[EXERCISE OBJECTIVE] Run through the data and copy out every line that mentions the word "curtains".
Segment Start: EXERCISE INPUT
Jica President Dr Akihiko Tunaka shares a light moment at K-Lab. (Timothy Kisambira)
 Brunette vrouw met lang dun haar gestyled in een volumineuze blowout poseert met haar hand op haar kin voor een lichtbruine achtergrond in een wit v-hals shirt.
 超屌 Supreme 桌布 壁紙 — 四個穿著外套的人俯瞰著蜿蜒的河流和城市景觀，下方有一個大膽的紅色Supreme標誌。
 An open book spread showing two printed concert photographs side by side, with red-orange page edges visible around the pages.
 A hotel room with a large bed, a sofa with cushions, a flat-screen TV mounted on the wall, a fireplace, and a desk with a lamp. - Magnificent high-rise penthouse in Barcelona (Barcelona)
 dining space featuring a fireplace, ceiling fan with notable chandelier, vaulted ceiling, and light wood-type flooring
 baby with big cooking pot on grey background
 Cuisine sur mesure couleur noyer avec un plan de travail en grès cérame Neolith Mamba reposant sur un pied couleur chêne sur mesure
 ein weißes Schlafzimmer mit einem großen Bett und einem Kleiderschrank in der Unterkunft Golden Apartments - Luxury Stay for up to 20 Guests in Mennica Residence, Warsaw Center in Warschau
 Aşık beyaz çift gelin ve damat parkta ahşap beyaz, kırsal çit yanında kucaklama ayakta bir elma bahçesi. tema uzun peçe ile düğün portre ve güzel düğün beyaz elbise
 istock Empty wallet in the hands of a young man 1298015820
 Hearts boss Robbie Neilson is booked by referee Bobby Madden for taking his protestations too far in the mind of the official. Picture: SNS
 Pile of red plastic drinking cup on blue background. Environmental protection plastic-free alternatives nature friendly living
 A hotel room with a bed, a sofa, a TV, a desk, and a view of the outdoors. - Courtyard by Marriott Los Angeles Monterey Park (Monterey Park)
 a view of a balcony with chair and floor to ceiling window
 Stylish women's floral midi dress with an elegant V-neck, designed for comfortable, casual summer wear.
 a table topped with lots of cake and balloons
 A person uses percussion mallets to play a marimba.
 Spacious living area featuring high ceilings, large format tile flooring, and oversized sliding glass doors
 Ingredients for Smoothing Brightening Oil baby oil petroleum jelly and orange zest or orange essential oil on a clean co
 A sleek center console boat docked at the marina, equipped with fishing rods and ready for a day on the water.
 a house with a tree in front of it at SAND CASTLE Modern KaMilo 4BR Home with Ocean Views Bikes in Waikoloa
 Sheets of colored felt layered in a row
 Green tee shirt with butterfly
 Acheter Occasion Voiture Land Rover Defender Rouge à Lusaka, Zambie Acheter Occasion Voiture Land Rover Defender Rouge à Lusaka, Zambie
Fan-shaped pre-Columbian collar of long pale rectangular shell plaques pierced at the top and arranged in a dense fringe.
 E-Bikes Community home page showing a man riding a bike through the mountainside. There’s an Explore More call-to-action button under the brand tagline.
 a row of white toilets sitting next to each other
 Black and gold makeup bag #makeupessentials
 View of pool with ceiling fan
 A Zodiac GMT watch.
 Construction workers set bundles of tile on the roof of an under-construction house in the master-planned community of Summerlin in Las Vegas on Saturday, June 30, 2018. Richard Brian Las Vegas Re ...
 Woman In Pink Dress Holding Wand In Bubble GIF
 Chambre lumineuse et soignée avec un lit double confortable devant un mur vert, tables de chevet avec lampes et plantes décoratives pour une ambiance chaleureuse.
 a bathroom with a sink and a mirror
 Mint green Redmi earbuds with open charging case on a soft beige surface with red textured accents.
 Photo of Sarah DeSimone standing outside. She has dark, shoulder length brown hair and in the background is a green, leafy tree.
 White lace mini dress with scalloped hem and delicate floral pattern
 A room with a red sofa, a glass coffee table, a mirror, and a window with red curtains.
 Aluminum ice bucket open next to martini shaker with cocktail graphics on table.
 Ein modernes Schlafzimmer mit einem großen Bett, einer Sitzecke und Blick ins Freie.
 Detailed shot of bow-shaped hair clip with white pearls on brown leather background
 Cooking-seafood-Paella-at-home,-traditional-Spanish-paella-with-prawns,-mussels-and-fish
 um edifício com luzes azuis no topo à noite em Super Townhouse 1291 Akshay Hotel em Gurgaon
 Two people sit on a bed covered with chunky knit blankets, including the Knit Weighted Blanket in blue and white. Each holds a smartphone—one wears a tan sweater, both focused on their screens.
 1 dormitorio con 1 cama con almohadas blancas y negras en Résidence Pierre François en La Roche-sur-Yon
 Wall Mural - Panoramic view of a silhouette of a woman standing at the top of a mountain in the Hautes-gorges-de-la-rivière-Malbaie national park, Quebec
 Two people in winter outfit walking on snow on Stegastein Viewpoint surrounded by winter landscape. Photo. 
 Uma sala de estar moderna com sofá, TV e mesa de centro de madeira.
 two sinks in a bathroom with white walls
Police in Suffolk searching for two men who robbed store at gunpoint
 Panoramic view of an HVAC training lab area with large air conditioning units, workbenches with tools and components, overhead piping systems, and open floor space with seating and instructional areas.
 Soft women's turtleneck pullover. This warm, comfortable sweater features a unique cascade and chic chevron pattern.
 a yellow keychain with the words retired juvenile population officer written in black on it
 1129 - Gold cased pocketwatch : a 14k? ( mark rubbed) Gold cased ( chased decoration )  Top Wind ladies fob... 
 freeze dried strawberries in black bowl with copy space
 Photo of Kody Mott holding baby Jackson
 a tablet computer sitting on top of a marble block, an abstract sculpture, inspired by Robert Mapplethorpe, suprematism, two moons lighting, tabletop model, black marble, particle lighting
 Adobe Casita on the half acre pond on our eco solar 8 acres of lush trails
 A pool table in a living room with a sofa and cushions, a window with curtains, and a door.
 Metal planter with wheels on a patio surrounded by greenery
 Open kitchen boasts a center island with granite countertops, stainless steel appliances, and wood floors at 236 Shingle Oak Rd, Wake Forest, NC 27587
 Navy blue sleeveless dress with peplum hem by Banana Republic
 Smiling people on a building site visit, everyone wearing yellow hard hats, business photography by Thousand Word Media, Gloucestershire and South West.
Segment End: EXERCISE INPUT
[ANSWER BELOW]
 A room with a red sofa, a glass coffee table, a mirror, and a window with red curtains.
 A pool table in a living room with a sofa and cushions, a window with curtains, and a door.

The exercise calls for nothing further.